La tendance s'accélère depuis trois ans, sous l'effet d'une baisse inattendue de la demande en Europe, depuis l'épidémie de Covid-19 et la guerre en Ukraine.

Reste que les transactions sur le marché spot sont loin d'être toutes réalisées à prix négatif : "la moyenne annuelle des prix spot horaires en France est ainsi passée de 276 €/MWh en 2022 à 97 €/MWh en 2023, elle a donc été presque divisée par trois, même si le niveau de prix reste élevé par rapport à ceux enregistrés avant la triple crise énergétique", souligne RTE.

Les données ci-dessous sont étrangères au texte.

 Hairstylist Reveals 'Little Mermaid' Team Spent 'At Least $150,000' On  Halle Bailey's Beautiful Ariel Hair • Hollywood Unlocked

Vendredi 26 juillet 2024, EDF a indiqué avoir amélioré son bénéfice net de 21% à 7 milliards d'euros au premier semestre, fort du redressement de la production nucléaire et hydraulique, mais a dit s'attendre à ce que la baisse des prix de l'électricité sur les marchés pèse sur ses résultats à la fin de l'année (lien archivé ici). 

"Nous avons désormais une visibilité sur les prix jusqu'à environ la fin de la décennie qui montre après une baisse très rapide [...] une stabilisation à un niveau beaucoup plus bas que ce que nous avions l'année dernière à la même période", a indiqué son PDG Luc Rémont dans un appel aux journalistes.